The method described above will only work if the computer can reliably score each possible message. As the computer makes a small adjustment to its current 'bestAnswer' by randomly swapping two letters, it will lead to a slightly different message. Our scoring system needs to let the computer know whether this is a slight change for the better or not.

For the reasons given above, the ETAOIN scoring system will not work. A scoring system based on loading the words from a dictionary will not work much better either. This would award points if a whole word is identified, but this might happen accidentally with incorrect solutions and, if our initial guess is some way from the actual solution, then it may not be able to tell us whether the computer is heading in the right direction or not, and this is because any adjustments might not increase or decrease the number of words in the solution. The computer, therefore, will be making small changes blindly, unaware of whether it is homing in on the right solution or not. If the cipher text has also hidden the original word lengths then this will also add to the complexity of implementing this method.

Fortunately, there is another way we can use and it is, again, based on letter frequencies. Rather than thinking about individual letter frequencies (i.e. e t a o i n s r h l d c u m f p g w y b v k x j q z), let us concentrate on the frequencies of bigrams (two letter pair, e.g. 'DN') in English.

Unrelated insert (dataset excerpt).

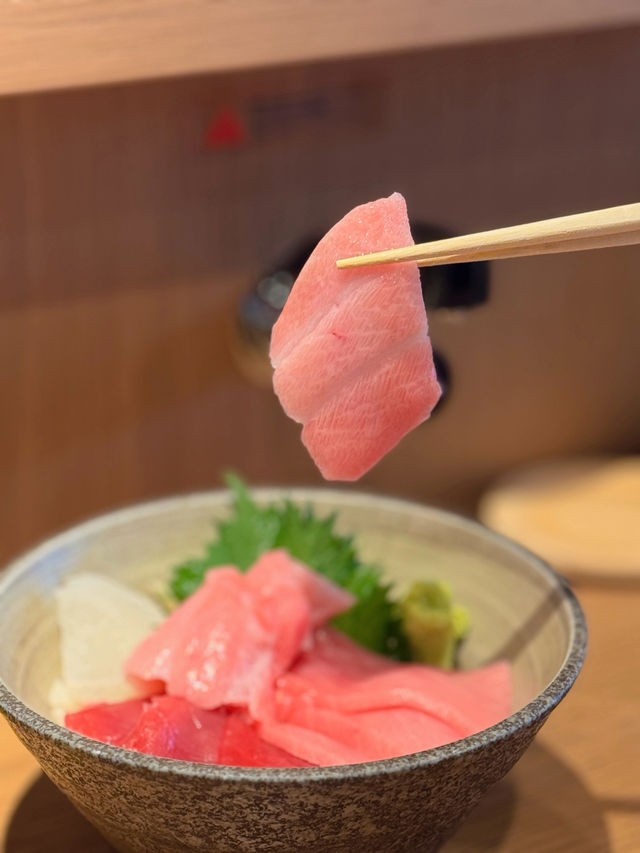 【啟德 ✦ 𝘼𝙄𝙍𝙎𝙄𝘿𝙀高級感刺身丼飯 🍣✨】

With a 26 letter alphabet, there are 26 x 26 = 676 bigrams in total: AA, AB, AC ... AZ, BA, BB, BC ... BZ ... ZX, ZY, ZZ. Imagine that a computer has been fed hundreds of thousands of pages of English, with all the spaces and punctuation between the words removed, and it was told to count up how often each of these 676 bigrams appeared. We could generate a list that started with the most frequent ones: TH, HE, IN, ER, AN ..., and finished with the rarest ones (e.g. ZJ, QX).

The computer can use this list to work out a score for each possible message by working through each bigram in the message and giving it points based on its tally in the bigram list.

Because the bigram list has been generated based on a large of sample of text without any spaces, we can use it on an encoded message which has had its word spacings removed. Also, because it is focused on small chunks of text, rather than whole words, it should be sensitive enough to work out whether even a single swap of two letters is a step in the right direction or not: if the swap leads to more 'English' bigrams in the solution, then this is likely to be a step in the right direction.

Instead of using bigrams, you could also use trigrams (3 letter sequences). There are obviously many more of these: 26 x 26 x 26 = 17,576. You could even try quadgrams (4 letter sequences): there are 26 x 26 x 26 x 26 = 456,976 possible quadgrams.

Whether bigrams, trigrams or quadgrams are used, some thought will need to be given as to how to optimise your code so that it can calculate these scores efficiently. Whenever a computer is used to crack a cipher, it will work through a huge number of possible solutions and, for each of these, it will work out the score, so an efficient scoring algorithm is vital.

For example, let's say the cipher text is 401 characters long. This message contains 400 bigrams: the first one starts at the first character, the second one (overlapping with the first one) starts at the second character, the third at the third character, and so on, all the way up to the penultimate character. The only place where a bigram does not start is at the very end, with the last character. For each of these 400 bigrams, the list of 676 bigram scores will need to be consulted to find the points for that bigram, and then the points for all 400 bigrams need to be added together to generate the overall score. Let's say that your computer will need to check c.10,000 possible solutions to crack a certain cipher. This will mean that it will need to find out the points for 400 x 10,000 = 4,000,000 bigrams! Hence the need for a speedy scoring algorithm ...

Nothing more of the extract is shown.